Travel
Island Life
page 01
Islands In The Sun
CHRIS PRITCHARD HEADS OFF THE BEATEN TRACK IN THE PHILIPPINES
AND WONDERS WHY TOURISTS ARE SO THIN ON THE GROUND.
Photography BY Suree Pritchard & George Tapan
The Philippines remains a mystery
to me. I can’t understand why
more people don’t go there. I’ve
visited many times: its cities and resorts are
modern, it’s English-speaking and service
standards are arguably Asia’s highest. What’s
more, prices remain attractively low. So, why
doesn’t it make more waves as a holiday
destination?
Tourists sometimes seem unexpectedly
thin on the ground. Crowds head instead to
Phuket or Bali. Surprisingly, the Philippines
remains a bit player on the Asian tourism
stage. Tourism secretary Joseph Durano
recently acknowledged this, revealing a
target of five million visitors a year by 2010
is unlikely to be met.
Nonetheless, an awful lot of people do go
to the Philippines. They discover an ability
to escape the tourist throngs of busier
destinations.
While South Korea is the country’s
number one source of tourists, many go
from Singapore (including many expatriates)

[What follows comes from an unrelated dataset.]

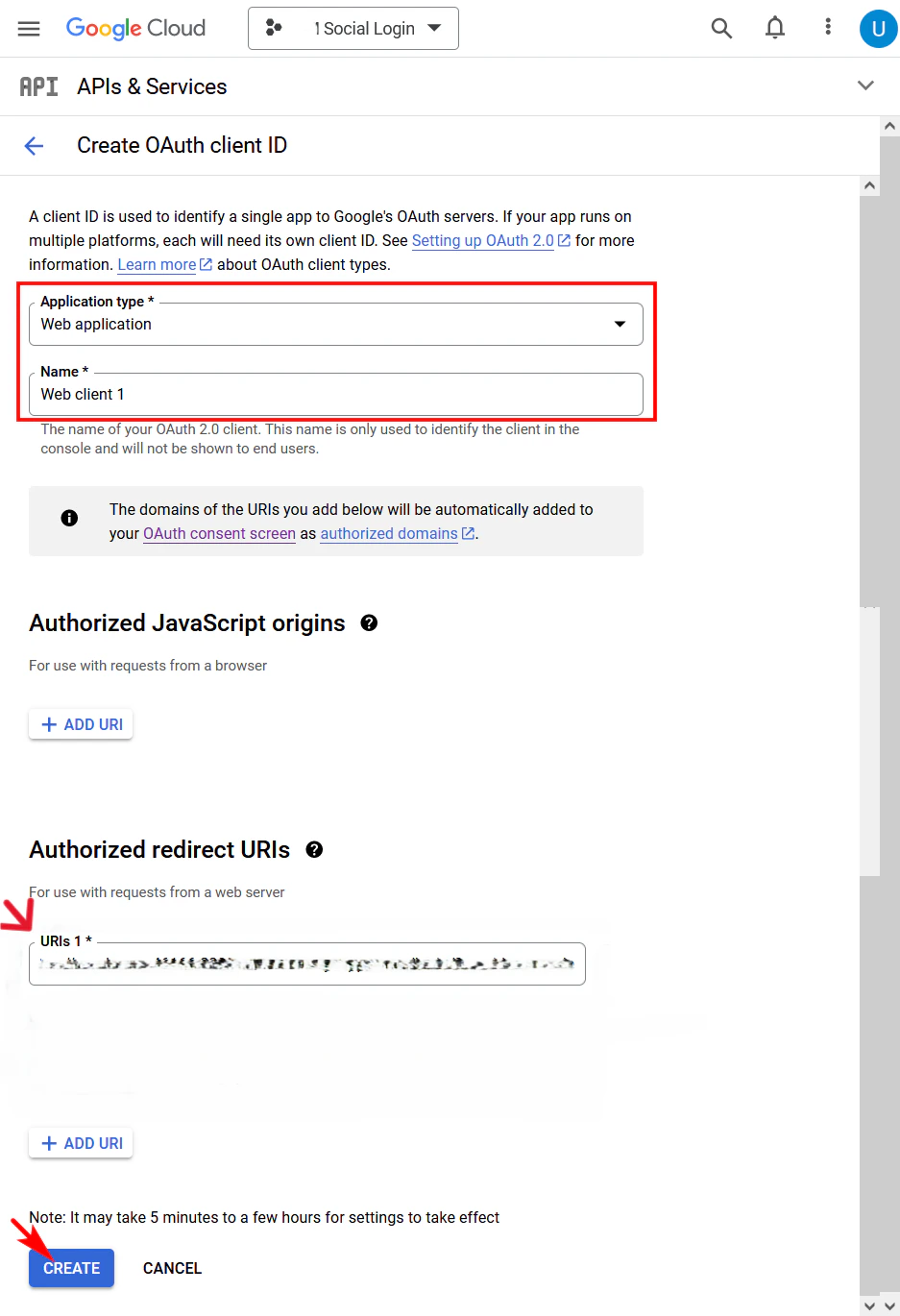 Google Create OAuth Client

– with direct flights to Manila, Cebu and
Davao, the country’s three key cities.
Boracay, Cebu and Davao are among the
country’s best-known tourist destinations.
Of Davao’s 1.5 million people, 95 per
cent are Christian (mostly Catholic). It is
reputedly the Philippines’ cleanest city. Streets
are swept regularly. Footpaths are dotted with
garbage bins. Smoking is outlawed except
in designated areas. Taxis are modern and
metered, and rip-offs are rare. Crime levels are
low. Mayors tend to be super-powerful in the
Philippines and Davao’s Harley-Davidsonriding
Rodrigo Duterte is no exception. He
runs a tough-guy administration renowned
for keeping streets safe. City officials complain
that unrest in some other parts of the large
island of Mindanao, where government forces
are ranged against Muslim separatist rebels,
has an adverse effect on peaceful Davao.
Some tourists, they say, take the view that if
it’s Mindanao they won’t go.
That’s a pity. To my mind, Davao is one of
Asia’s most fascinating – and safest – holiday
destinations.
A modern city, it boasts malls and markets
(with cheap-as-chips shopping), tropical
parkland, diverse cultural attractions, good
golf courses, white-sand beaches, whitewater
rafting, hiking, memorable restaurants
and superb resorts.
For instance, one morning I decided to
check out the Pearl Farm Beach Resort.
Tourists are snorkelling in clear water, a
group waves as it sets out for a wreck-diving
session, lazier souls sprawl in hammocks on
over-water balconies. Dining is five-star and
accommodation is as good as at top-drawer
Thai or Maldivian resorts.
Food in this port city is predictably
seafood-oriented. Tuna-fishing is one of
Davao’s main industries. Local delicacies
include panga.(grilled tuna jaw) and kinilaw
(marinated raw tuna). Among a plethora of
fine seafood restaurants, no-frills Luz Kinilaw
excels and is something of a local landmark.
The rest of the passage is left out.